Nashville, Tenn.-based Vanderbilt University Medical Center is applying for redesignation of its Magnet designation for Vanderbilt University Hospital’s adult enterprise and must undergo a site evaluation this month, according to a public notice posted on the organization’s website.
The credentialing center’s Magnet recognition program commends hospitals for their excellence in nursing services. Vanderbilt has received the designation in 2006, 2012 and 2017.
In 2017, Ms. Vaught made a fatal medication error while working as a nurse at Vanderbilt, for which she was sentenced to three years of probation in May after being found guilty of criminally negligent homicide and abuse of an impaired adult.
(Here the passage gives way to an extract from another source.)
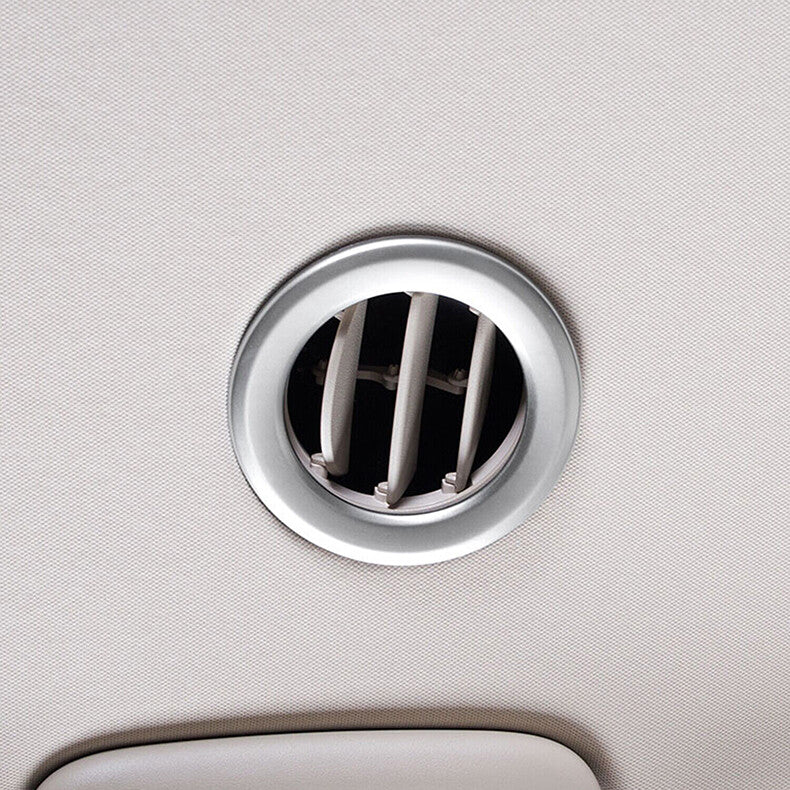 for Kia Carnival 2022-2023 Matte Silver Roof AC Air Outlet Vent Cover ring Trim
Ms. Vaught immediately took responsibility for the error, which occurred after she overrode a medication cabinet, but contends that other factors and working conditions for nurses at the medical center contributed to the mistake. For example, she said that Vanderbilt directed nurses to use overrides to overcome cabinet delays and regular technical issues caused by an ongoing overhaul of the hospital’s EHR system. Vanderbilt fired Ms. Vaught in January 2018, and the Tennessee Board of Nursing stripped her of her license in 2021.
“So many things had to line up incorrectly for this error to have happened, and my actions were not alone in that,” Ms. Vaught told ABC News in May. In 2018, Vanderbilt shared a plan of correction with CMS to address deficiencies identified in a federal investigation after the fatal error.
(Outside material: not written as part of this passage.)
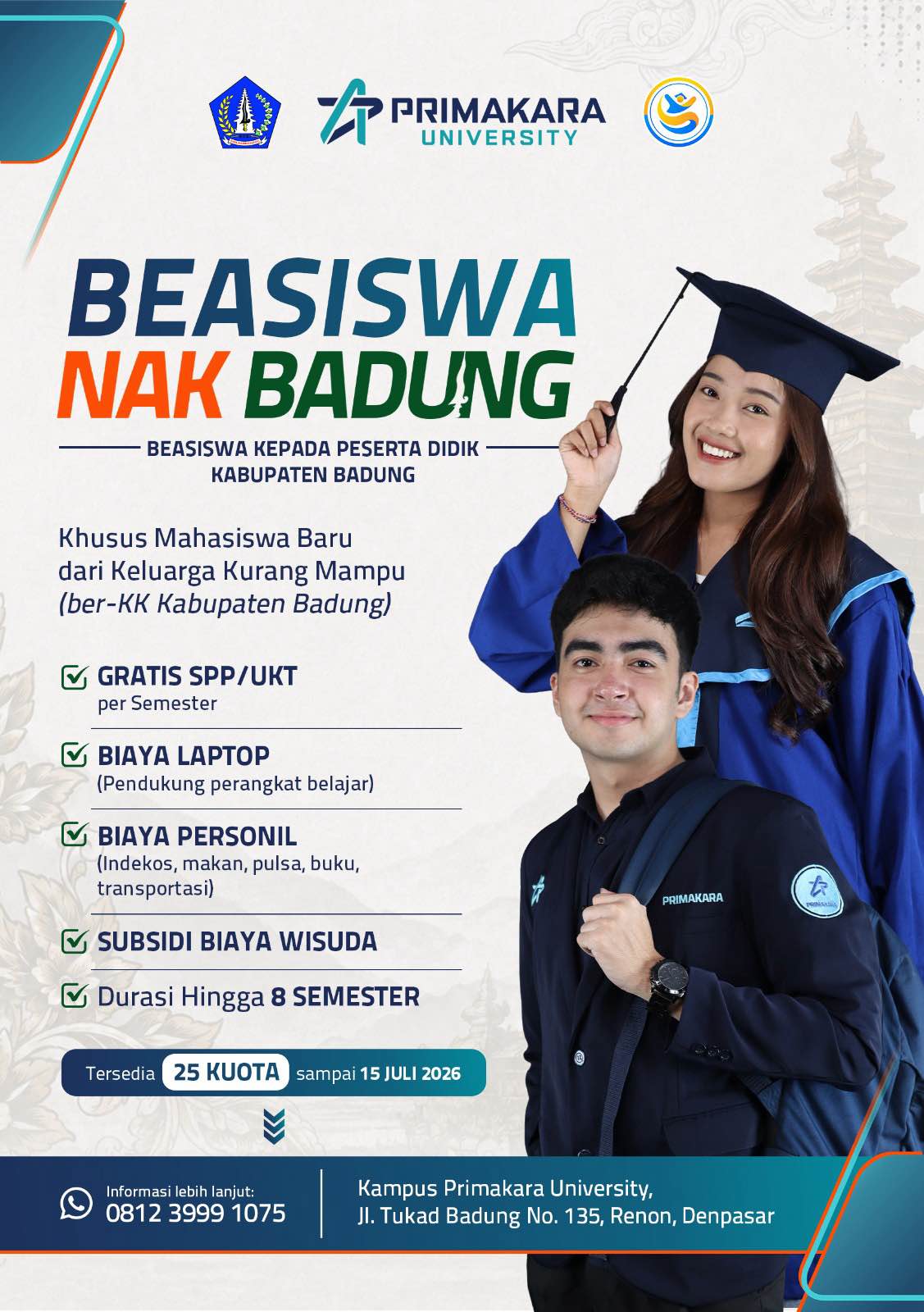 Program Beasiswa Nak Badung Primakara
Ms. Vaught’s case has spurred an outcry from nurses across the country, many of whom have expressed concerns about the likelihood of similar mistakes under increasingly difficult working conditions.
Now, nurses from across the U.S. are penning letters to the credentialing center ahead of Vanderbilt’s site visit, saying the organization should not allow the hospital to keep its Magnet designation.
“The mission of the Magnet Recognition Program is to ‘continually elevate patient care around the world in an environment where nurses flourish,'” Jenna Lukis, BSN, RN, wrote in emailed comments to the credentialing center, which she shared Aug. 2 in the Nurses March for RaDonda’s Law Facebook group. “With their actions in 2017 and their inaction in 2022, VUMC has demonstrated to the entire country that their hospital does not align with this mission.”
Ms. Lukis’ post garnered more than 30 comments, many from nurses who said they had also sent letters to the credentialing center about Vanderbilt’s Magnet status. The deadline to submit comments is Aug. 6.
Vanderbilt did not immediately respond to Becker’s request for comment.